▶ _INPUT DATA_:
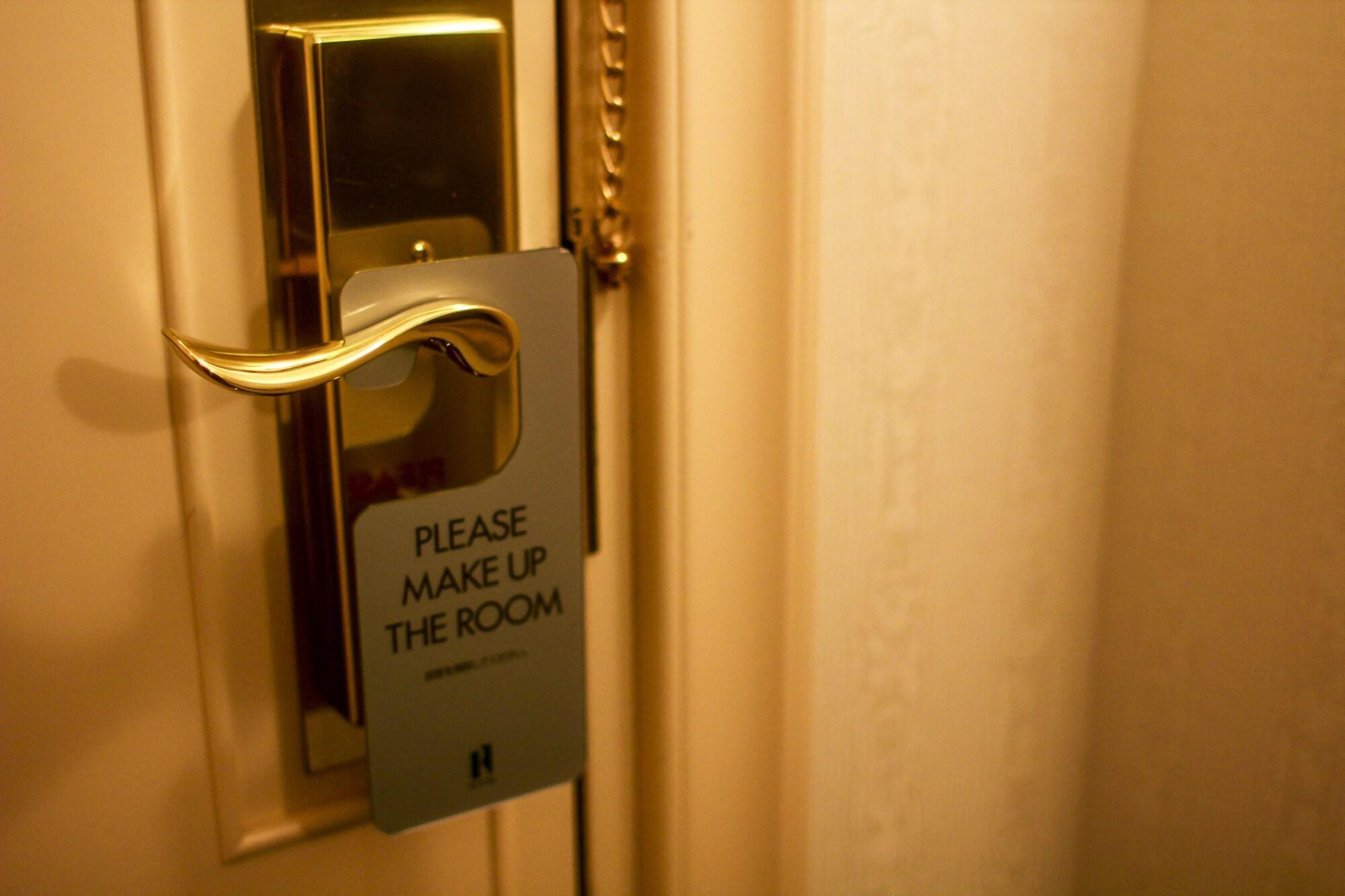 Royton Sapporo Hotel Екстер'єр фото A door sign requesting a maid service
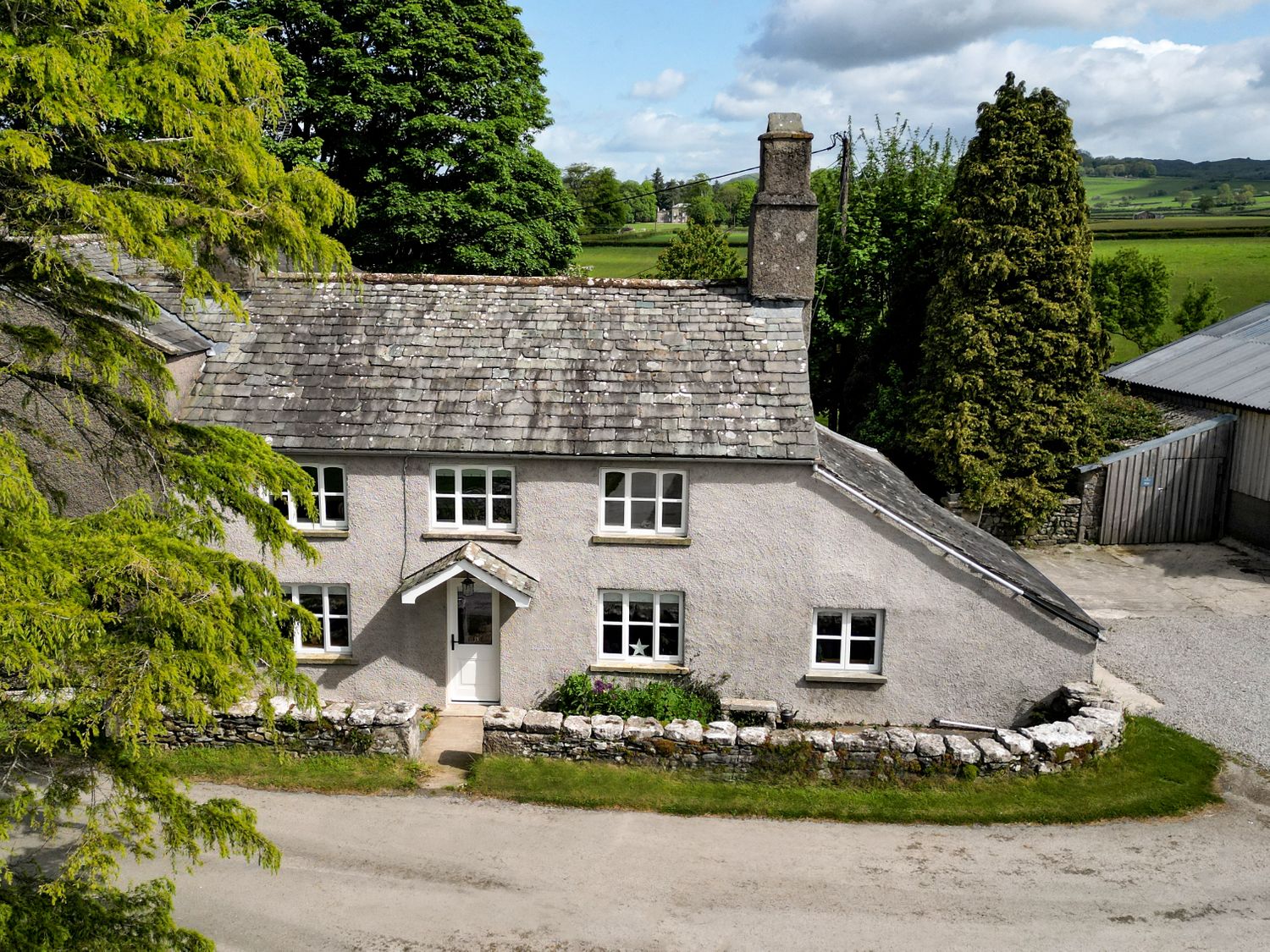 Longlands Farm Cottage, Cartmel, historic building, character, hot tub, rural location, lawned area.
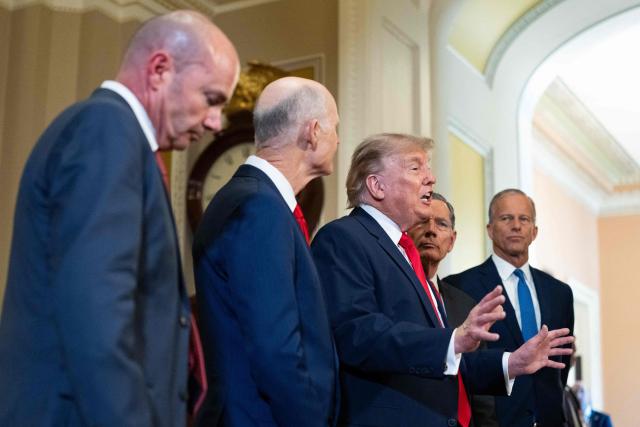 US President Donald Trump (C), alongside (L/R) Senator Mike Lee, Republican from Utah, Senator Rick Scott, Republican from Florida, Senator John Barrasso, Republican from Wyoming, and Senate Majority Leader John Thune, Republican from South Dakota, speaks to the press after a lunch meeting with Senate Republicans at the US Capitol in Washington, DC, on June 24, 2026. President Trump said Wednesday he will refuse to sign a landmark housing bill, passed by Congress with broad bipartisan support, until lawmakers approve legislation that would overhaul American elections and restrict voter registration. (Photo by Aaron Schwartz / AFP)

▶ _EXERCISE DIRECTIONS_: The answer should be the full material above, printed exactly, with no pictures in it.

▶ _OUTPUT_:
 Royton Sapporo Hotel Екстер'єр фото A door sign requesting a maid service
 Longlands Farm Cottage, Cartmel, historic building, character, hot tub, rural location, lawned area.
 US President Donald Trump (C), alongside (L/R) Senator Mike Lee, Republican from Utah, Senator Rick Scott, Republican from Florida, Senator John Barrasso, Republican from Wyoming, and Senate Majority Leader John Thune, Republican from South Dakota, speaks to the press after a lunch meeting with Senate Republicans at the US Capitol in Washington, DC, on June 24, 2026. President Trump said Wednesday he will refuse to sign a landmark housing bill, passed by Congress with broad bipartisan support, until lawmakers approve legislation that would overhaul American elections and restrict voter registration. (Photo by Aaron Schwartz / AFP)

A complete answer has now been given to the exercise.